* **Exercise objective**
Beneath this sentence is a listing. Return its lines from the one containing "Carved Koi Fish" through the last, exactly, and omit the pictures.

+===+

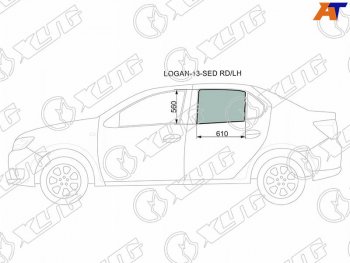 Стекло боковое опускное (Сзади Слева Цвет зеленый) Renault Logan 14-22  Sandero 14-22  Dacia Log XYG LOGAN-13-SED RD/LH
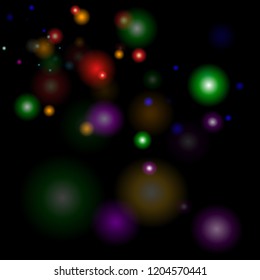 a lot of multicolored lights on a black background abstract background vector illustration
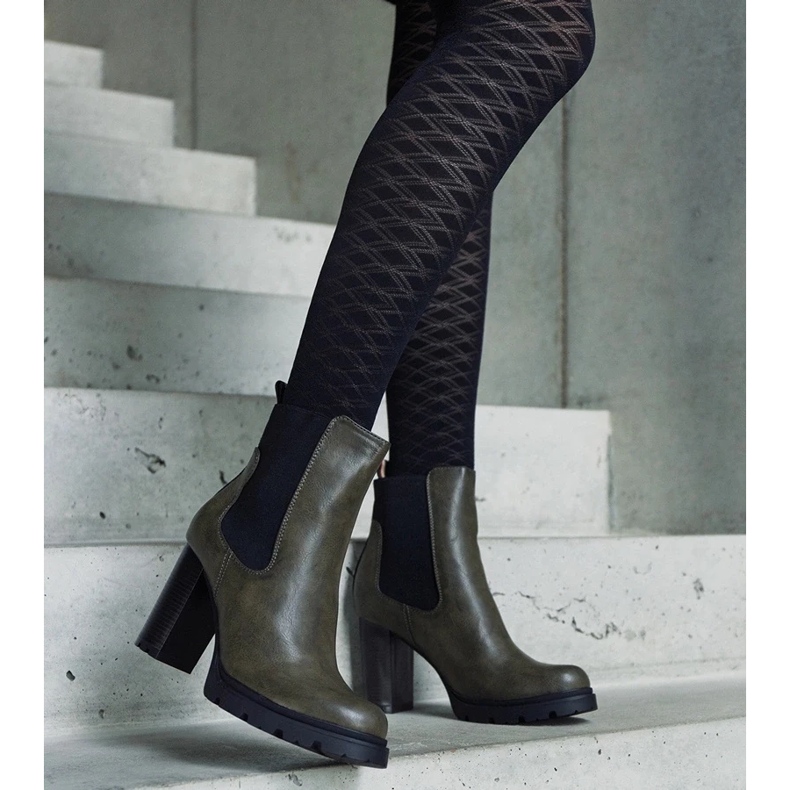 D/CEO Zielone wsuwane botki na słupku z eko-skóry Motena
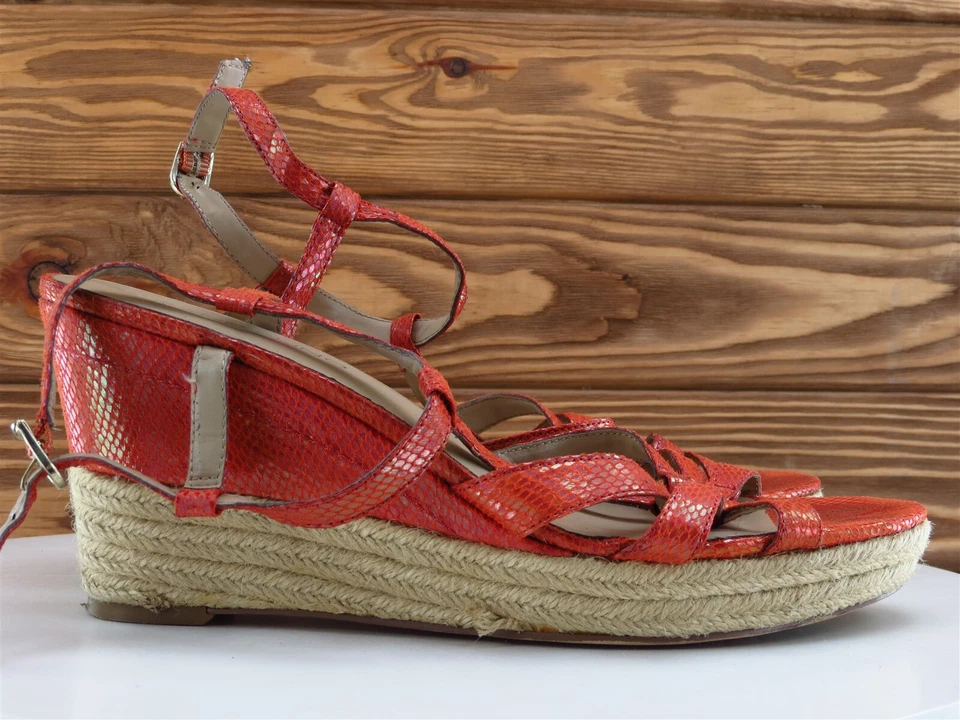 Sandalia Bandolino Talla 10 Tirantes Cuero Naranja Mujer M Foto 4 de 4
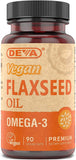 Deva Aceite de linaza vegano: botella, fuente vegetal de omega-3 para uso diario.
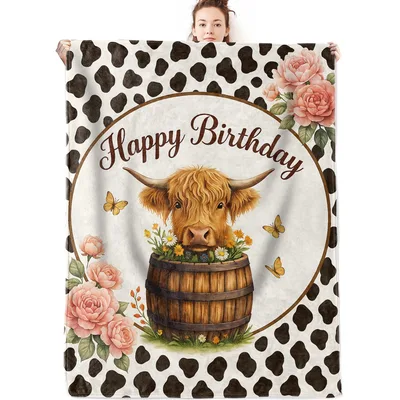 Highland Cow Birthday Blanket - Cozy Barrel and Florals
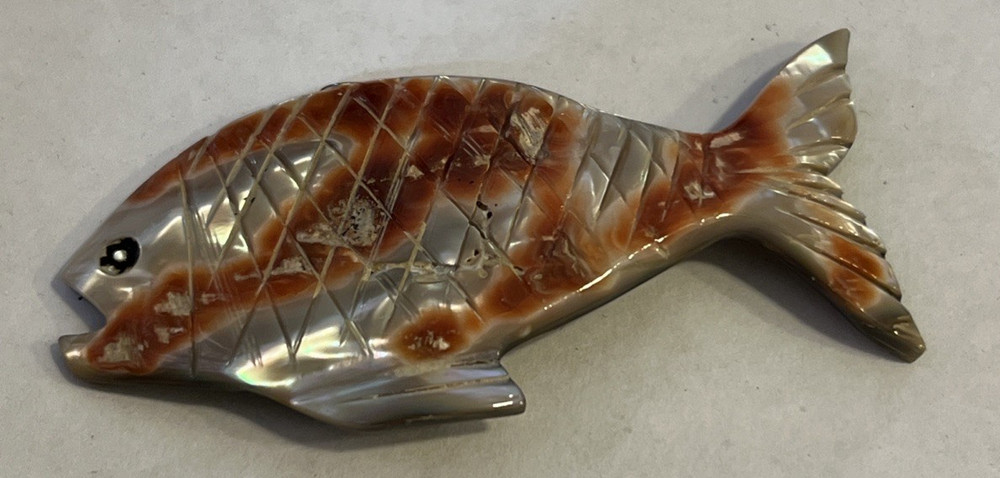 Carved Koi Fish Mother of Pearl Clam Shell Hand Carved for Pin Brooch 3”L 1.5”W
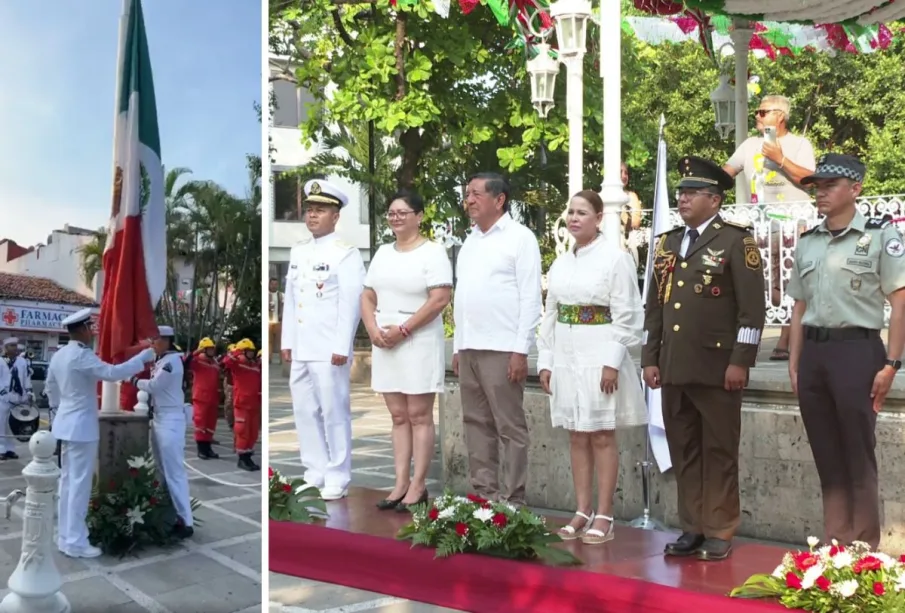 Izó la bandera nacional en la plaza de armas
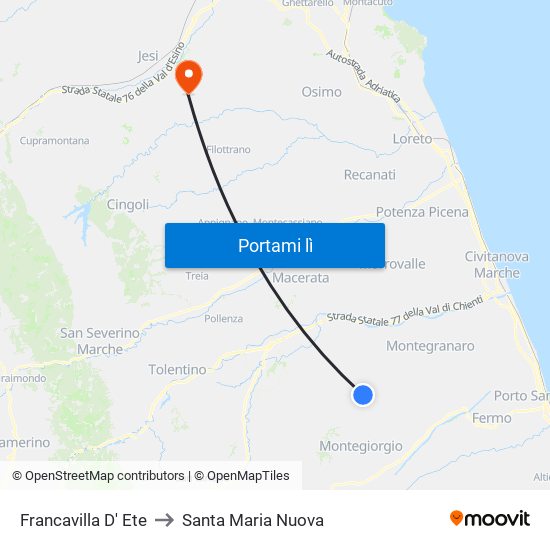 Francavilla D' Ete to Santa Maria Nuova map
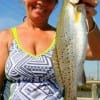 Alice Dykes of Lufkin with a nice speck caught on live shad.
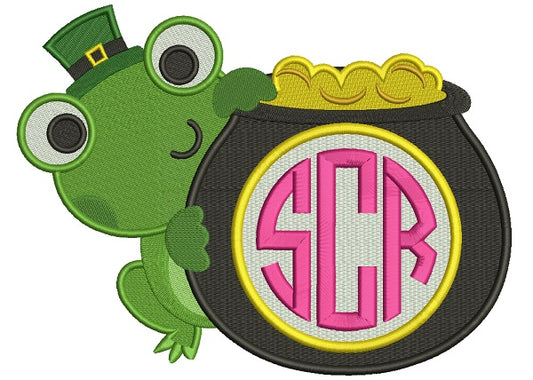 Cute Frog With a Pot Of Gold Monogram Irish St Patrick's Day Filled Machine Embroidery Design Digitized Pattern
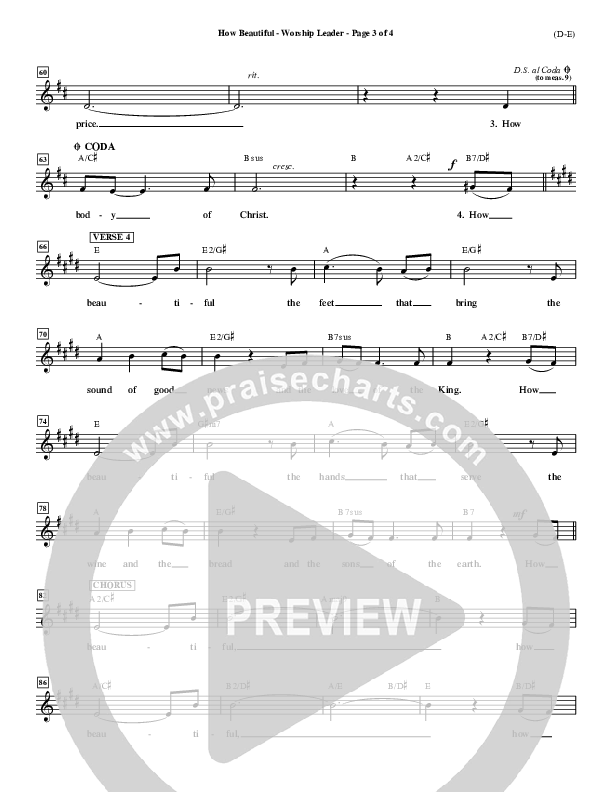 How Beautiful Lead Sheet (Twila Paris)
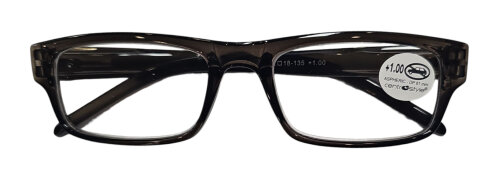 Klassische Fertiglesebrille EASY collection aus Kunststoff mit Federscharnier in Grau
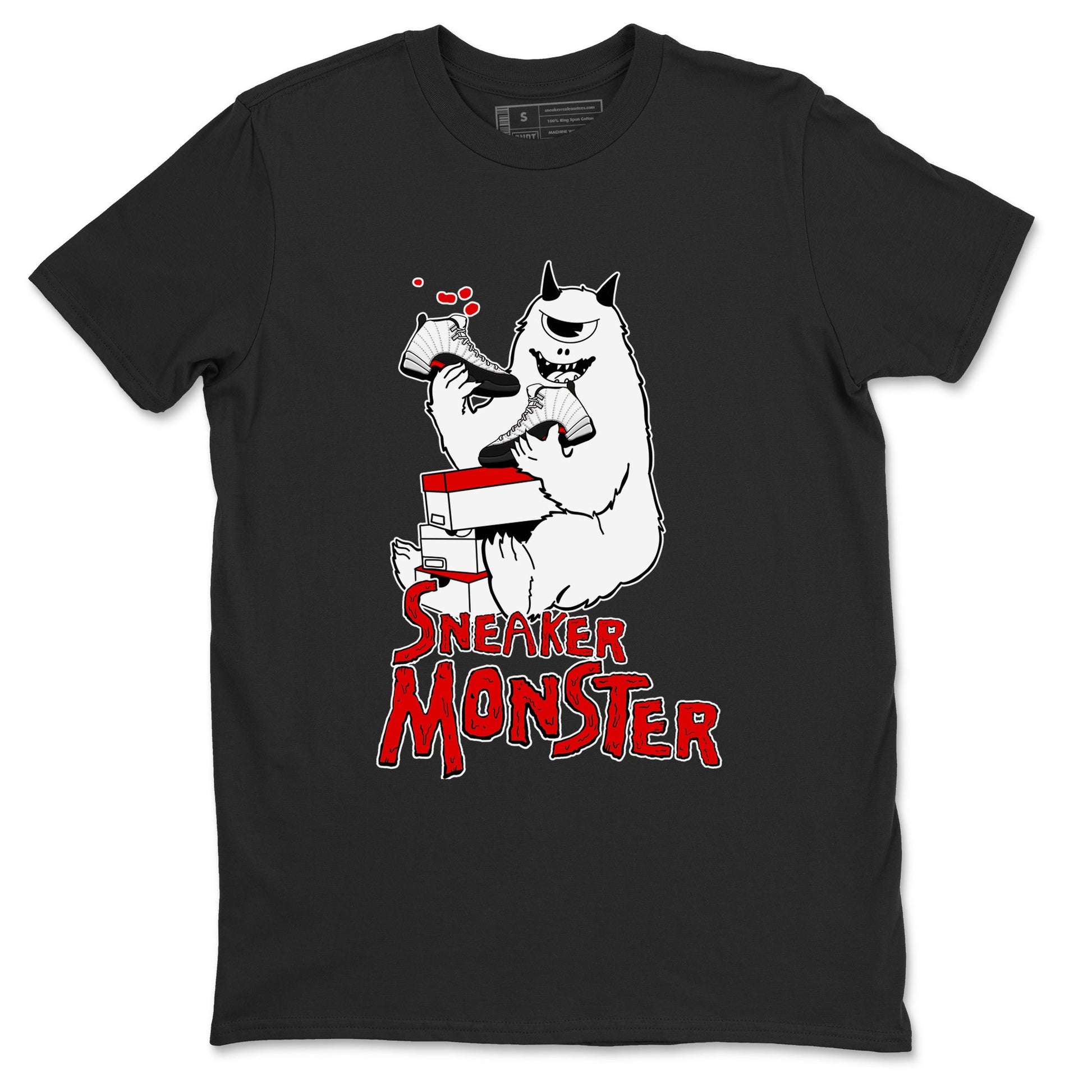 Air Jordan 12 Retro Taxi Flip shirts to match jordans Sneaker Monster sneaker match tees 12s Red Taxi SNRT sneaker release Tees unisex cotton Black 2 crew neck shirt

+===+

* **Your response**
 Carved Koi Fish Mother of Pearl Clam Shell Hand Carved for Pin Brooch 3”L 1.5”W
 Izó la bandera nacional en la plaza de armas
 Francavilla D' Ete to Santa Maria Nuova map
 Alice Dykes of Lufkin with a nice speck caught on live shad.
 Cute Frog With a Pot Of Gold Monogram Irish St Patrick's Day Filled Machine Embroidery Design Digitized Pattern
 How Beautiful Lead Sheet (Twila Paris)
 Klassische Fertiglesebrille EASY collection aus Kunststoff mit Federscharnier in Grau
 Air Jordan 12 Retro Taxi Flip shirts to match jordans Sneaker Monster sneaker match tees 12s Red Taxi SNRT sneaker release Tees unisex cotton Black 2 crew neck shirt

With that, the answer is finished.